The chances of serving on a jury in any given year are small, but most Americans still see it as part of being a good citizen.
In an April Pew Research Center survey, two-thirds of U.S. adults (67%) said serving on a jury “is part of what it means to be a good citizen.” Just 31% took the opposite view and said jury duty service “does not have much to do with being a good citizen.”
Majorities in most demographic groups connect jury duty service with good citizenship, but younger people, racial and ethnic minorities and those without a college education are less likely to do so.

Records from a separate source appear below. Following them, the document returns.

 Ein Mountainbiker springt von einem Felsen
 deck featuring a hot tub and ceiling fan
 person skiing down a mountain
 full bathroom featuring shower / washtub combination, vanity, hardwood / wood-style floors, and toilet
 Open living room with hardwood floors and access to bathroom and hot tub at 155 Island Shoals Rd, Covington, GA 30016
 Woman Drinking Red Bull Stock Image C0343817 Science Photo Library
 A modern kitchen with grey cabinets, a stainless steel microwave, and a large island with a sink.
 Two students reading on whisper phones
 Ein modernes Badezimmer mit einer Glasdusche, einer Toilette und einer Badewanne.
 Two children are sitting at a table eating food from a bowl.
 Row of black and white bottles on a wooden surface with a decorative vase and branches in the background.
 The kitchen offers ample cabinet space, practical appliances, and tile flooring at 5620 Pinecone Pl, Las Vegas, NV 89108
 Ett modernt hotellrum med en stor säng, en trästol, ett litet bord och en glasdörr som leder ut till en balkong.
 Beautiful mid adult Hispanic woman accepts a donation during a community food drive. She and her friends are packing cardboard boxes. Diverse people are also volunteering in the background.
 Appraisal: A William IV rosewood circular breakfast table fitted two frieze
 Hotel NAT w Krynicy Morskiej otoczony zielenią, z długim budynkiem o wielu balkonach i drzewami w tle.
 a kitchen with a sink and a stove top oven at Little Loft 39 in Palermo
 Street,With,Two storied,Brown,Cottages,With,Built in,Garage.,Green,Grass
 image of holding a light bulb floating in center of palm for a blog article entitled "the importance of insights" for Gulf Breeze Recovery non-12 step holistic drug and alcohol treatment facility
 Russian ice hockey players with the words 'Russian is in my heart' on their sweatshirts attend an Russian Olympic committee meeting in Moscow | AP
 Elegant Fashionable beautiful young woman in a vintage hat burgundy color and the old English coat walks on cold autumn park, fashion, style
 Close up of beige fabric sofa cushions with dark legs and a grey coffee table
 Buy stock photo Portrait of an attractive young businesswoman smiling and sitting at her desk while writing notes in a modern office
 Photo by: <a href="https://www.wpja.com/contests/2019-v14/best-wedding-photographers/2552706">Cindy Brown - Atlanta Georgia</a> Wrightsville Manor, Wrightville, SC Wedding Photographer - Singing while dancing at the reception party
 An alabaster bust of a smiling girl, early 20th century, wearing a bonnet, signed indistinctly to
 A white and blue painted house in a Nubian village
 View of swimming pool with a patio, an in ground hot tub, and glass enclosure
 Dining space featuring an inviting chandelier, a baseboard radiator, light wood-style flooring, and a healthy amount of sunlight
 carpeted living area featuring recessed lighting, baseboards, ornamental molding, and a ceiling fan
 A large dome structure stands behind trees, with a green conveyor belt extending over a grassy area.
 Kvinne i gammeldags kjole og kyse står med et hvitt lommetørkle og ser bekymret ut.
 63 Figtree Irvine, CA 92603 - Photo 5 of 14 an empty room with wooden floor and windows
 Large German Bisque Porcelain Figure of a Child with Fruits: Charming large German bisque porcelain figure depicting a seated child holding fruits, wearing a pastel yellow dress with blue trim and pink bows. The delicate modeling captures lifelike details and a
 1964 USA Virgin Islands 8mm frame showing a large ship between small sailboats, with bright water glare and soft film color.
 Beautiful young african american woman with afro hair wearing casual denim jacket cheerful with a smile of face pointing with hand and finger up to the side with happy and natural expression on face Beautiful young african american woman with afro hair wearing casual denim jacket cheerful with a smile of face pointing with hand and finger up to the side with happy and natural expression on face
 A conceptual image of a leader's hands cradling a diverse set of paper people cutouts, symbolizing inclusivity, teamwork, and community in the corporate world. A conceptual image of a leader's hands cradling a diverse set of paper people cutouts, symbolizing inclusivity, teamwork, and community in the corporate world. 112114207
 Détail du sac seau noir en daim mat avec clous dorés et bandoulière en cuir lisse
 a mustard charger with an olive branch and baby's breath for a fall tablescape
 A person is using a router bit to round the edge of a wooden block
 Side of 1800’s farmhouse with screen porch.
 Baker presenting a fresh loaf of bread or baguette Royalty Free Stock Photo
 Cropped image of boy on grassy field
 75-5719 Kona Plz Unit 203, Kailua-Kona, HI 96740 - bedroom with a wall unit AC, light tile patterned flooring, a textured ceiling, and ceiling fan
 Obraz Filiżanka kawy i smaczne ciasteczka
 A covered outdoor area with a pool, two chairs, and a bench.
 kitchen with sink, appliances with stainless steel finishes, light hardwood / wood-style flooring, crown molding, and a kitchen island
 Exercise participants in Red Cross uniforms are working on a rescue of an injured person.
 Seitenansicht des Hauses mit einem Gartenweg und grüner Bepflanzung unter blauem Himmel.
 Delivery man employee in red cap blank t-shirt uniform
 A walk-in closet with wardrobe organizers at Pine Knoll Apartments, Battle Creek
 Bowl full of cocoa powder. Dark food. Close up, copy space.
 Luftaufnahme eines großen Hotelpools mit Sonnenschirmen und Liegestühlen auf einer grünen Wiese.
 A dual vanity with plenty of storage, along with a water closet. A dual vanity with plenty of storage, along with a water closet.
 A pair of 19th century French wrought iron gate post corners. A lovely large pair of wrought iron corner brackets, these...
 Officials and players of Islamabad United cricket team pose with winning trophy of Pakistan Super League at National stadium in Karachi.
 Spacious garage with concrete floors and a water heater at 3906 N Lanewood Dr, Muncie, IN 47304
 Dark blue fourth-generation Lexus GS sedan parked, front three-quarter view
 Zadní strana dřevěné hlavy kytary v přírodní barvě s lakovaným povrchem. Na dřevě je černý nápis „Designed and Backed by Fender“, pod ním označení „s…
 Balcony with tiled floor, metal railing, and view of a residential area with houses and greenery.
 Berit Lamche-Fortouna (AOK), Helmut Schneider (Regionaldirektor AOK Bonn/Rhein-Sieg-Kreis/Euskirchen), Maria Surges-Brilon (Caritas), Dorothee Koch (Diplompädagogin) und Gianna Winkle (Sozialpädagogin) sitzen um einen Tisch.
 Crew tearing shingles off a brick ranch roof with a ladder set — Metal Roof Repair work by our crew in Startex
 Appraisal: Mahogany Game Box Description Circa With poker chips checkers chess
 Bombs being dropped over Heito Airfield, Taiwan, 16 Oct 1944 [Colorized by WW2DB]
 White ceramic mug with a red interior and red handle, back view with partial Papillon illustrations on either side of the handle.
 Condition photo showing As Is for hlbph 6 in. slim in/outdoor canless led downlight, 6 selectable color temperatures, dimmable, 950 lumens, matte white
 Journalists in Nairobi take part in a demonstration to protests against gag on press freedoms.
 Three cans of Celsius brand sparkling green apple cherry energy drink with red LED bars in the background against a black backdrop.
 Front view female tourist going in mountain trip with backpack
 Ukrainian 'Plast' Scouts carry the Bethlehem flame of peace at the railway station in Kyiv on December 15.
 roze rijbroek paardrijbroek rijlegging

For example, only half of those ages 18 to 29 say jury service is part of being a good citizen, compared with seven-in-ten or more in older age groups. Blacks and Hispanics are less likely than whites to see jury duty as a part of good citizenship, as are those with a high school diploma or less when compared with people with at least some college education.
When it comes to the number of Americans who actually serve on a jury in a given year, recent statistics are hard to find. But the National Center for State Courts, an independent research organization focused on the state judiciary, has estimated that only about 15% of U.S. adults receive a jury summons each year, and fewer than 5% of those who are summoned end up on a jury. The center’s 2007 estimates are based on a survey of 1,546 counties, representing about 70% of the U.S. population at the time.
The Administrative Office of the U.S. Courts publishes its own statistics about federal jury duty, which is even rarer than state-level service because federal courts handle far fewer cases each year than state courts do. The federal statistics show a significant decline both in the number of people called to jury duty and in the number who are chosen. (The data count only petit, or trial, juries; they exclude grand juries.)
In fiscal 2016, federal courts called 194,211 people for petit jury duty, down 37% from 307,204 in fiscal 2006. And 43,697 people were selected for federal petit jury duty, down 39% from 71,578 a decade earlier. The decrease in jurors tracks a broader decline in the number of federal jury trials: In 2016, just 2% of 77,318 total federal defendants had their cases decided by a jury, half the total in 2006.